What you have to do ▸ Setting aside any pictures, reproduce the data exactly.

Stored data entries ▸
::::::::
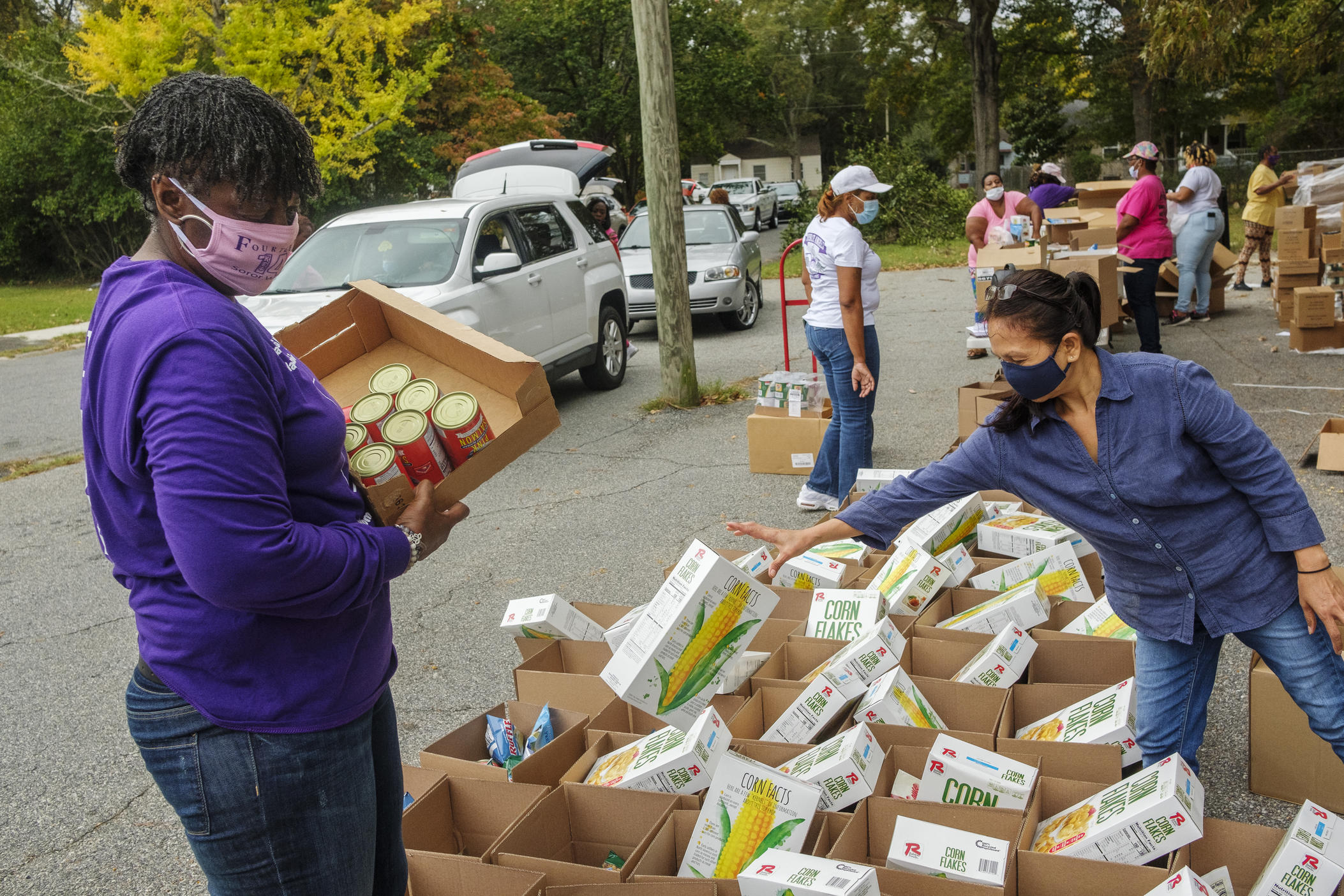 Volunteers, mostly from the Single Moms Connect support group, prepare grocery boxes during one of the group's twice monthly food disbursals in Houston County. 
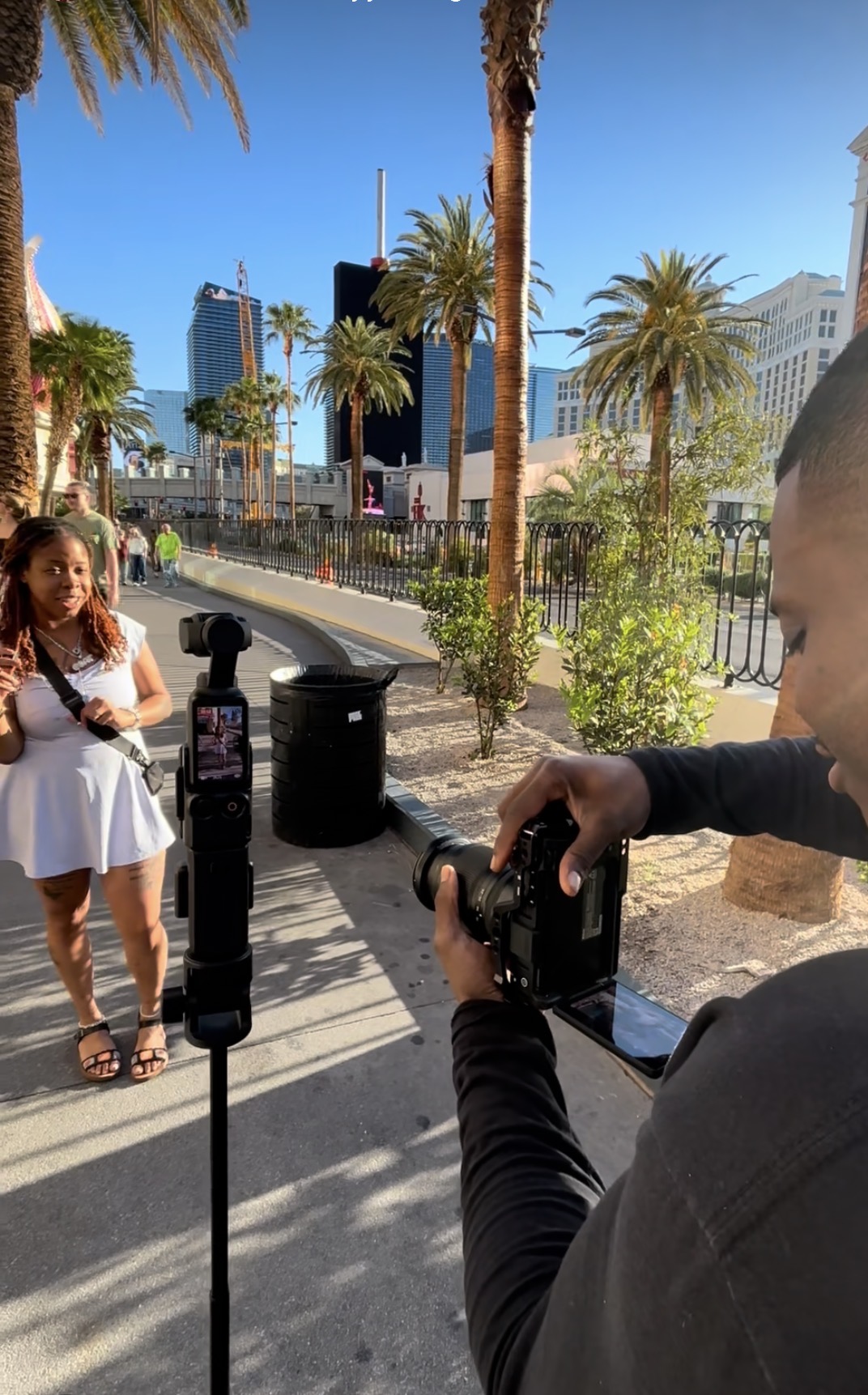Person taking a photo of a woman in a white dress outdoors with palm trees and city buildings in the background.
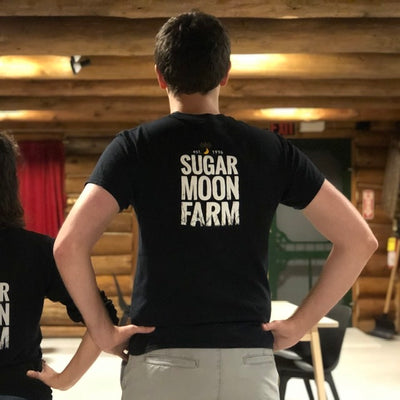Unisex, short sleeved t-shirt with Sugar Moon Farm logo on back. From Sugar Moon Farm - A Canadian maple syrup farm located in Nova Scotia, Canada. Offering maple syrup, maple butter, maple syrup on snow and a restaurant. Put on your hiking boots and hike the Rogart Mountain trail then sit down for some fluffy pancakes made from our fluffy pancake recipe and Canadian maple syrup.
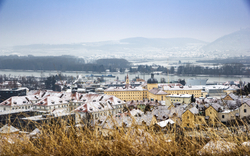Verschneite Stadtlandschaft mit Fluss im Hintergrund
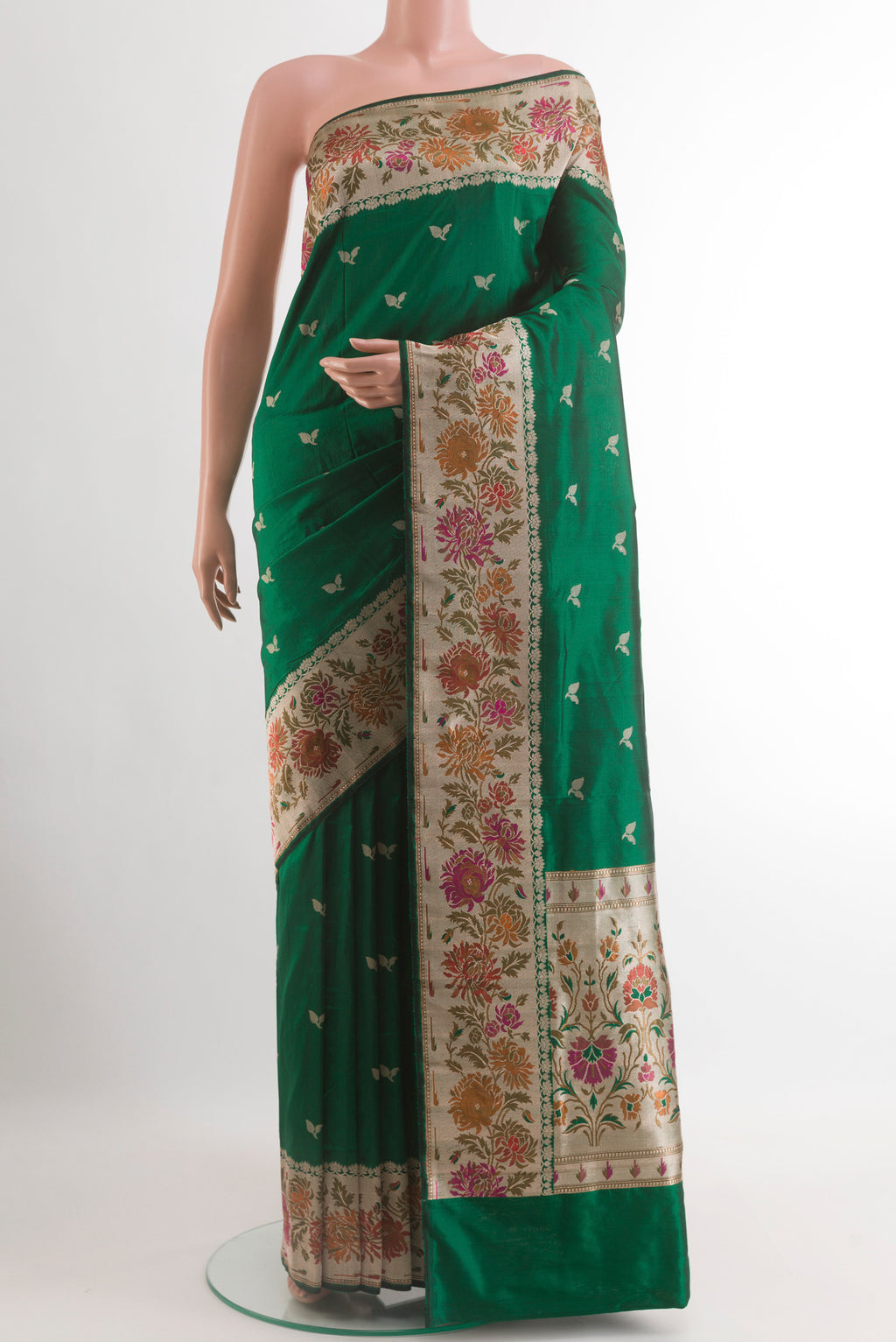 Bottle Green Banarasi Silk Saree with Zari Butta on the body and Zari Border.  displayed on a mannequin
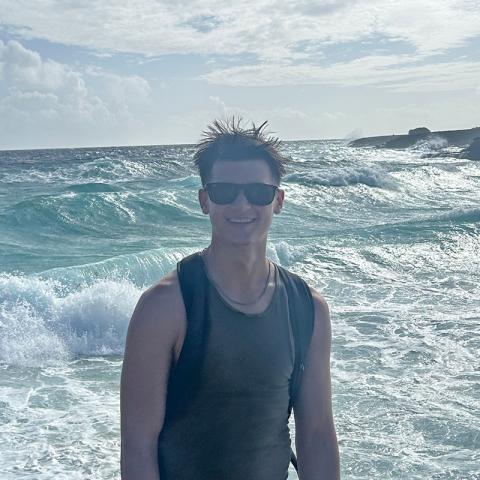 A man posing for a photo with the ocean and waves in the background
::::::::
Answer section ▸
 Volunteers, mostly from the Single Moms Connect support group, prepare grocery boxes during one of the group's twice monthly food disbursals in Houston County. 
Person taking a photo of a woman in a white dress outdoors with palm trees and city buildings in the background.
Unisex, short sleeved t-shirt with Sugar Moon Farm logo on back. From Sugar Moon Farm - A Canadian maple syrup farm located in Nova Scotia, Canada. Offering maple syrup, maple butter, maple syrup on snow and a restaurant. Put on your hiking boots and hike the Rogart Mountain trail then sit down for some fluffy pancakes made from our fluffy pancake recipe and Canadian maple syrup.
Verschneite Stadtlandschaft mit Fluss im Hintergrund
 Bottle Green Banarasi Silk Saree with Zari Butta on the body and Zari Border.  displayed on a mannequin
 A man posing for a photo with the ocean and waves in the background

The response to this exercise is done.